* _Activity_: Where pictures appear, omit them, and copy exactly only the lines from the start of the listing through the line containing "Unikito 86 Inch", both included.

* _Supplied records_:
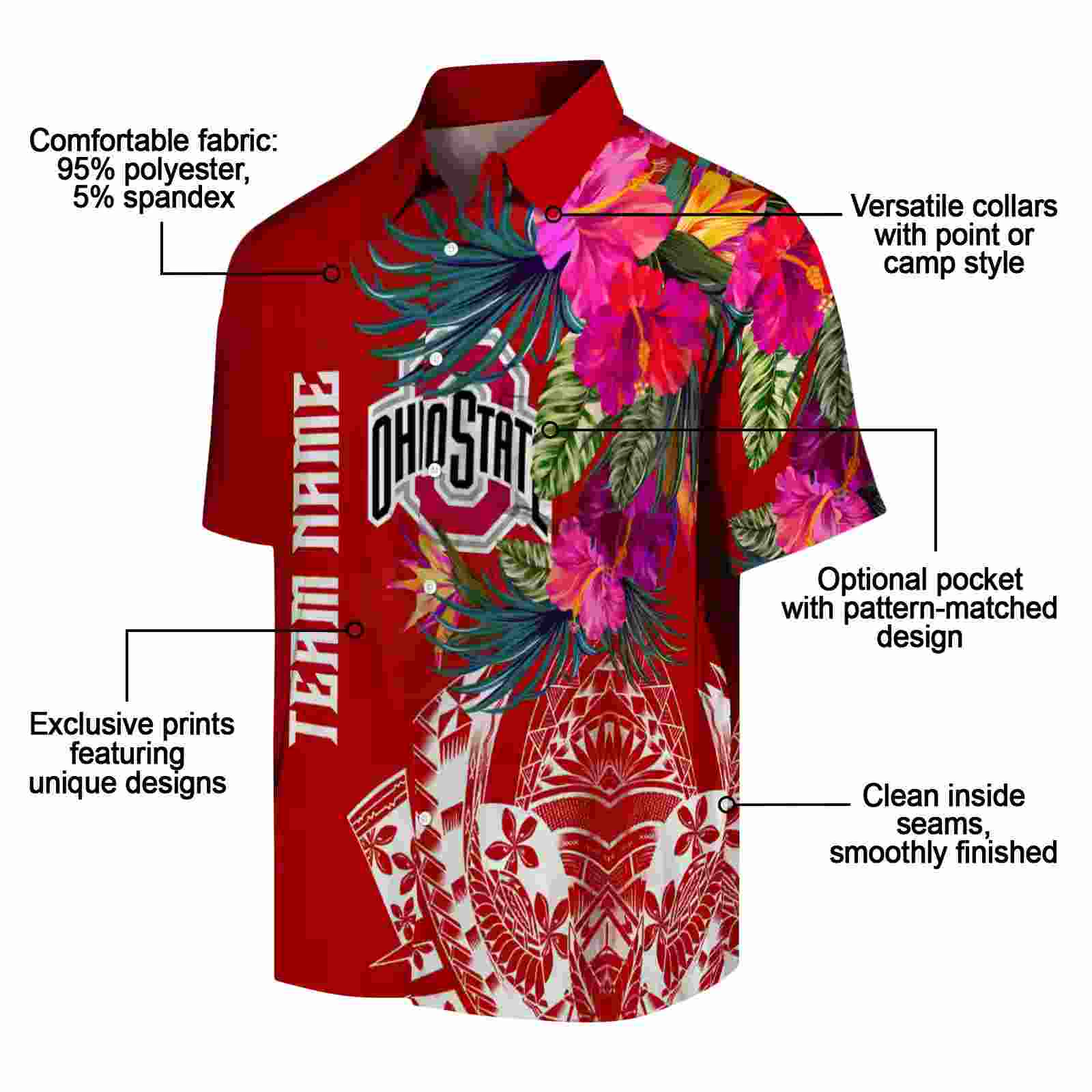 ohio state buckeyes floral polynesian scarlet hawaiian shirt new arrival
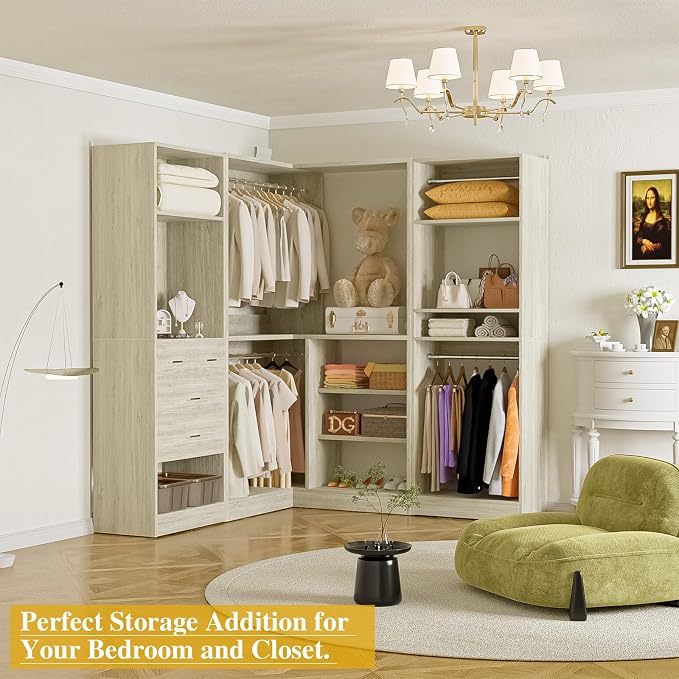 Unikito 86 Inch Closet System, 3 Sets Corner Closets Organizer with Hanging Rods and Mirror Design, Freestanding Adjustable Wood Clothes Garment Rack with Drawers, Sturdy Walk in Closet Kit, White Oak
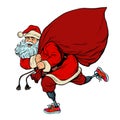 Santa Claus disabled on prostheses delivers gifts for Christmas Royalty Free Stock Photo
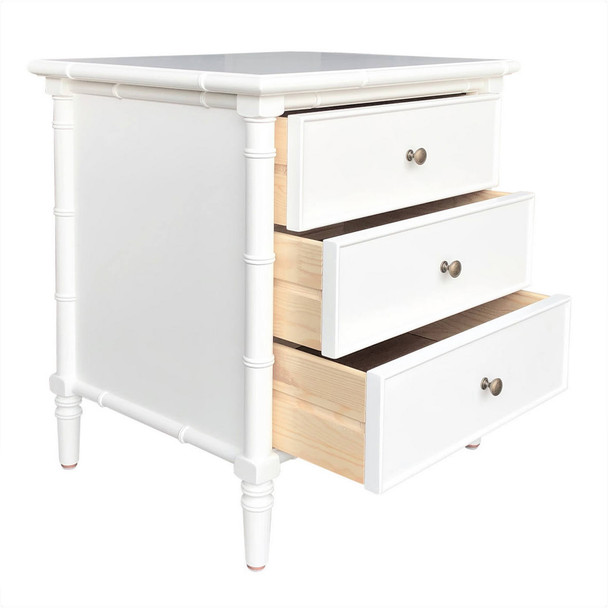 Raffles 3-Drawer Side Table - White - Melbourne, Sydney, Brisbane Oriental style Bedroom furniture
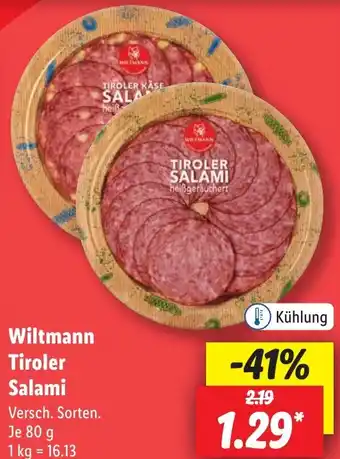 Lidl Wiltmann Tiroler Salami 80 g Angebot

* _Result below_:
 ohio state buckeyes floral polynesian scarlet hawaiian shirt new arrival
 Unikito 86 Inch Closet System, 3 Sets Corner Closets Organizer with Hanging Rods and Mirror Design, Freestanding Adjustable Wood Clothes Garment Rack with Drawers, Sturdy Walk in Closet Kit, White Oak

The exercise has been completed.